The deadly shooting inside a Texas church on Sunday prompted Republicans there to credit the changes in state law that permitted concealed firearms inside places of worship after it was revealed that the gunman was fatally shot six seconds after opening fire.
The unidentified gunman killed two when he opened fire inside the West Freeway Church of Christ in White Settlement, which is outside Fort Worth. Authorities are trying to determine a motive. Police said the gunman entered the church and sat down before 11 a.m. He stood up, pulled out a shotgun and shot two parishioners who died at a nearby hospital.
Two armed parishioners who were volunteer security guards returned fire and killed the gunman.
Britt Farmer, the church's senior minister, told the Dallas Morning News that the church lost two "great men today, but it could have been a lot worse, and I am thankful our government has allowed us the opportunity to protect ourselves."
Gov. Greg Abbott, a Republican, signed eight gun bills into law in June that included one that allowed legal gun owners to bring their concealed weapons into places of worship.
The Texas Tribune reported that the state's House gave preliminary approval of the bill more than one year after the shooting at a church in Sutherland Springs that killed 26.
"We have learned many times over that there is no such thing as a gun-free zone," state Sen. Donna Campbell, co-sponsor of the bill, said at the time. "Those with evil intentions will violate the law and carry out their heinous acts no matter what. It makes no sense to disarm the good guys and leave law-abiding citizens defenseless where violent offenders break the law to do great harm."

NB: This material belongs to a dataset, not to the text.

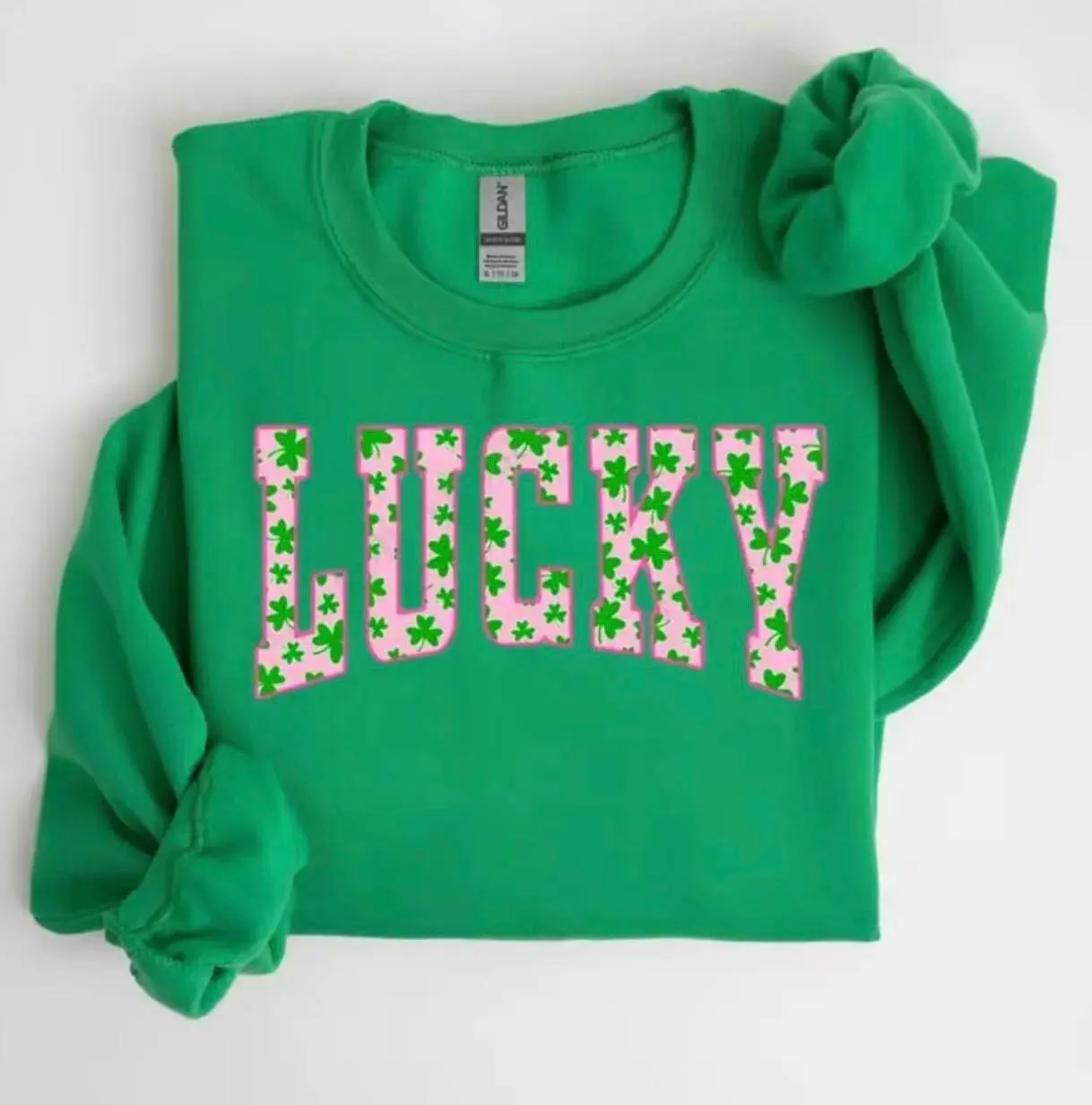 Lucky Clover sweatshirt with green shamrock design, perfect gift for St. Patrick’s Day, Trendy Apparel For Patrick's Day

Texas Lt. Gov. Dan Patrick, at a press conference after the shooting, praised the two volunteer security guards and credited the changes in state law.
"The immediate responder is the most important," he said, according to the Dallas Morning News. "The citizen responder. Because even though the chief’s brave officers were here in less than a minute … by the time they got here, the shooting was over. And that always happens, that over 50 percent of shootings, our first responders, it’s usually over when they get there, no matter how hard they try."

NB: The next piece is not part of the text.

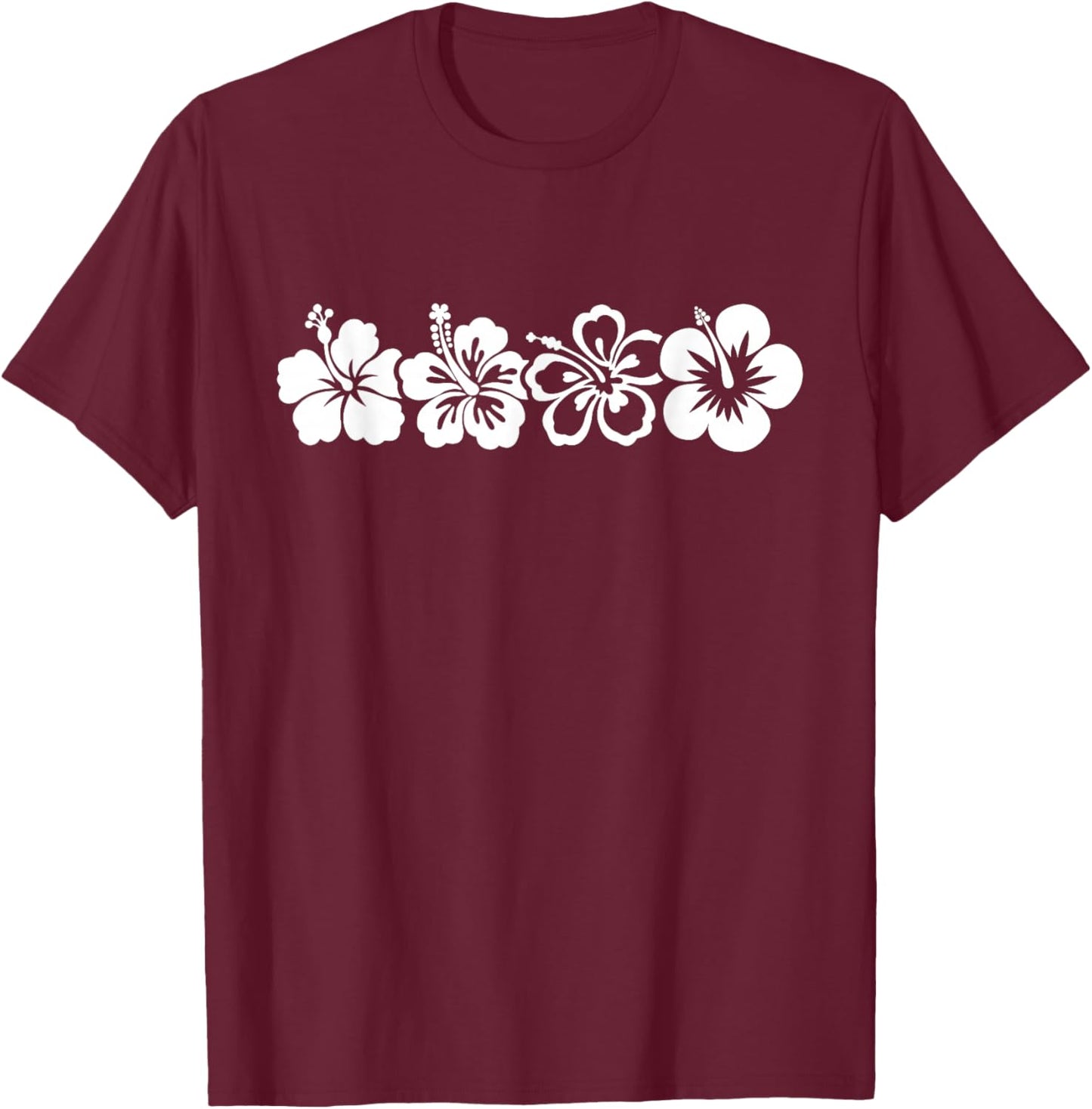 Hawaiian Aloha Hibiscus Flower Hawaii Surfer Kids Girls T-Shirt - T-Shirt | Maroon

Democrats like Julian Castro pointed to the shooting as another horrific outcome due to lax gun laws and poor leadership.

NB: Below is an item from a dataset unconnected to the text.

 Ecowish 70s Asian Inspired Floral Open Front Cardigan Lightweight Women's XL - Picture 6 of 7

"We can take steps to reduce these horrific attacks right now—we just need our elected leaders to have the courage to act," he tweeted.
Beto O'Rourke, the former Democratic presidential hopeful who has spoken out against gun violence in the past, tweeted that he was saddened to learn about the shooting and said, "Clearly what we are doing in Texas, what we are doing in this country, when it comes to guns is not working."